Posted: Fri Jan 15, 2021 9:39 pm
by Neil-B
Given disabling cuda hasn't resolved issues id revert to using it and try other changes from there .. but i will now read whole thread to get history :)

Re: F@H 7.6.13 + RTX 2080 Ti 456.55 Windows Crash

Posted: Fri Jan 15, 2021 9:48 pm
by Neil-B
Given you have had issues with gog in the past have you tried removing that as bruce suggested?

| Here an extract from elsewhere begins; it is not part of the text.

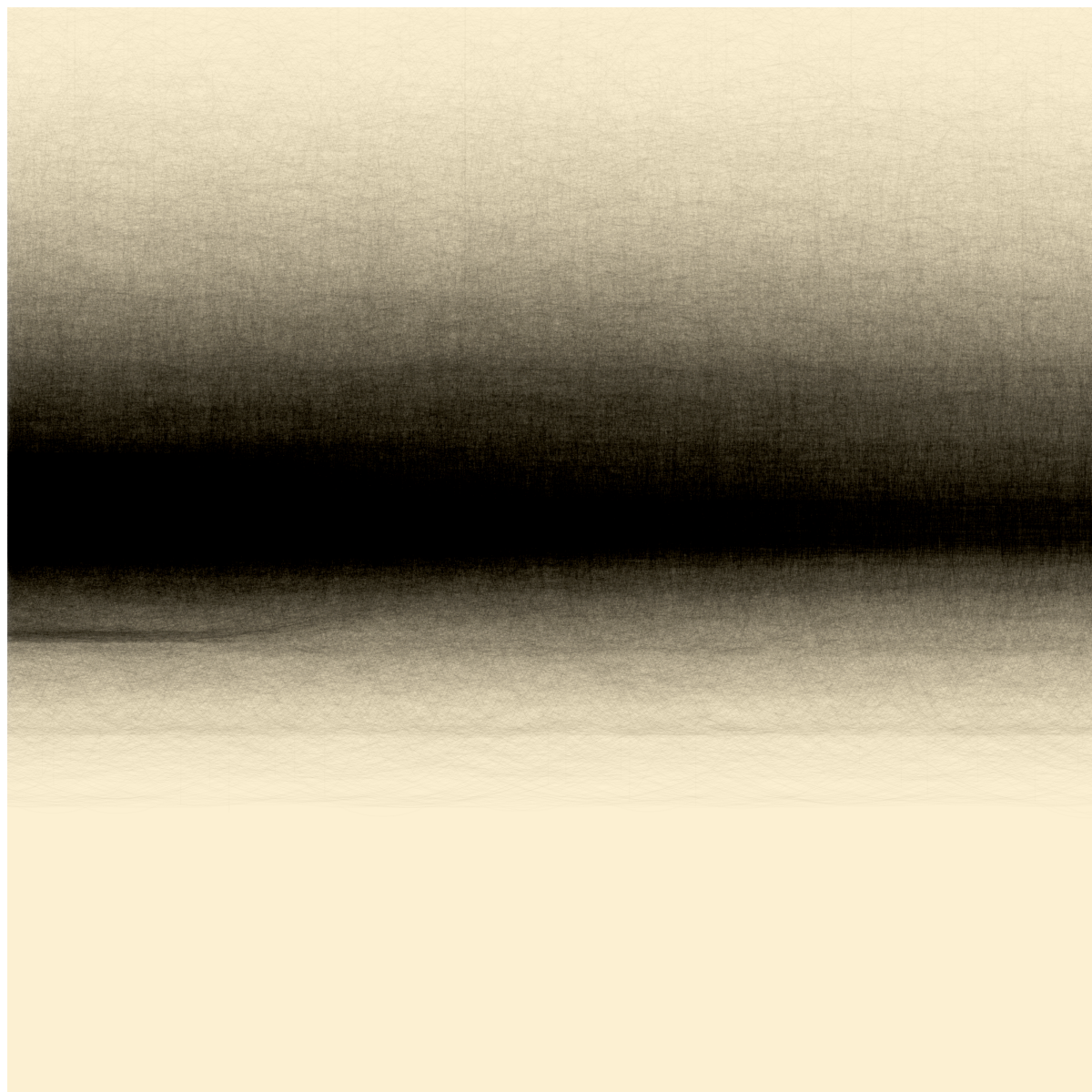 Uninhabitable #321 static NFT preview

Re: F@H 7.6.13 + RTX 2080 Ti 456.55 Windows Crash

Posted: Fri Jan 15, 2021 10:20 pm
by VxJasonxV
The issues with GOG were strictly during updates. I can't imagine 3rd party library problems would be causing this issue. That would crash Folding at best, but Windows on the whole one-step-shy of a Blue Screen? No, I can't blame GOG. I'll shut it off next time I'm upstairs, but I'm near positive it won't make a difference.

Re: F@H 7.6.13 + RTX 2080 Ti 456.55 Windows Crash

Posted: Fri Jan 15, 2021 10:30 pm
by PantherX
Occasionally, there has been a variety of issues with GOG over the years (search.php?st=0&sk=t&sd=d&sr=posts&keywords=GOG). I am aware that software can do all sorts of weird stuff on a system so I personally would test it out to rule this off the list.

I skimmed the topic but can't see what model of PSU you have. You have a decent system that's a typical gaming machine so am perplexed as to why you can't use CUDA while thousands of systems can :| Would be nice to discover the root cause and hopefully fix it!

Re: F@H 7.6.13 + RTX 2080 Ti 456.55 Windows Crash

Posted: Fri Jan 15, 2021 11:05 pm
by Neil-B
Shutting it off may not resolve some of the potential clashes but switching it off is a first good test?